DESCRIPTION OF THE TASK:
Give the data again word for word; drop the pictures.

DATA BELOW:
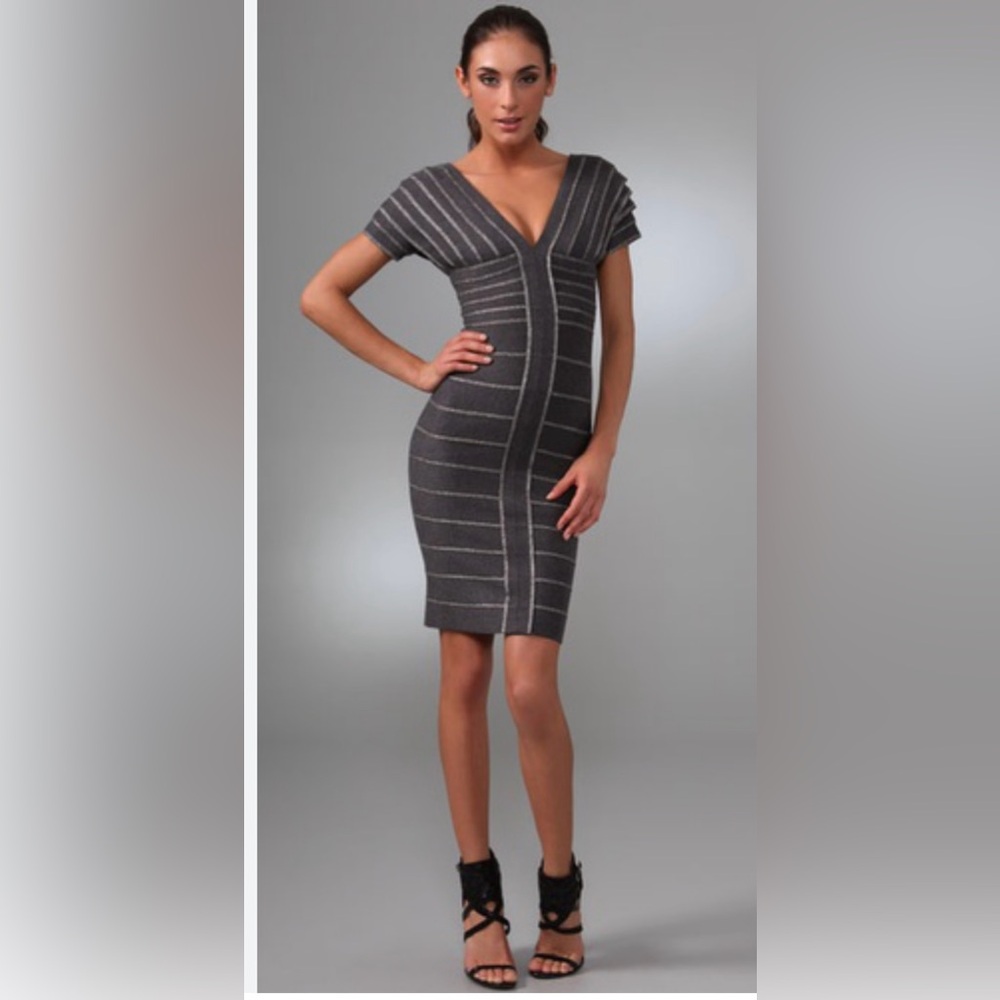 Alice&Olivia wool/cotton black, gold stitch stripe bandage dress- Like new Sz L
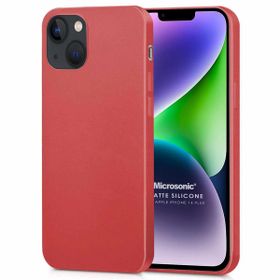 Microsonic Matte Silicone Apple iPhone 14 Plus Kırmızı Cep Telefon Kılıfı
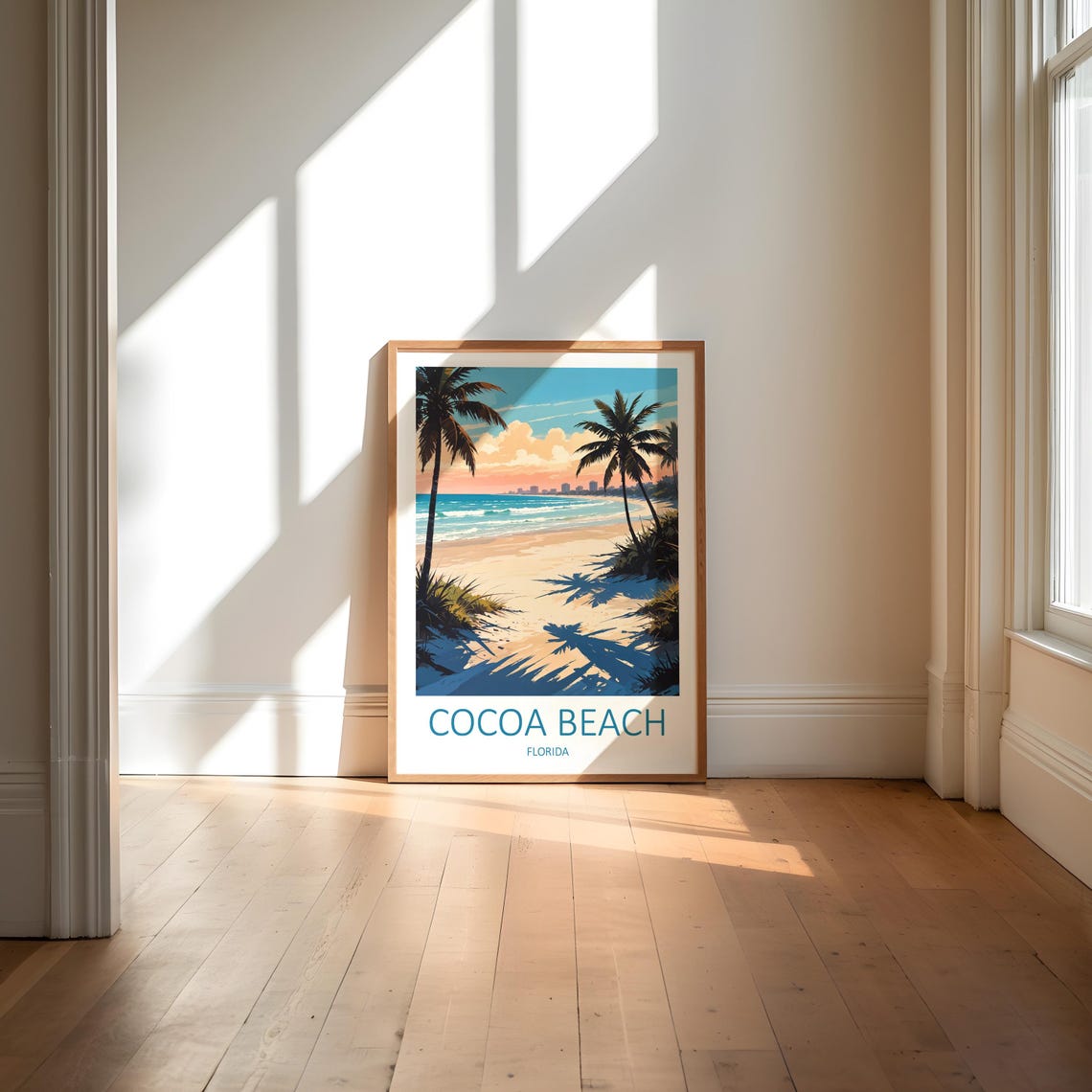 Cocoa Beach Florida Palm Tree Beach Sunset Surf Paradise Poster - Image 6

ANSWER TO THIS TASK:
 Alice&Olivia wool/cotton black, gold stitch stripe bandage dress- Like new Sz L
 Microsonic Matte Silicone Apple iPhone 14 Plus Kırmızı Cep Telefon Kılıfı
 Cocoa Beach Florida Palm Tree Beach Sunset Surf Paradise Poster - Image 6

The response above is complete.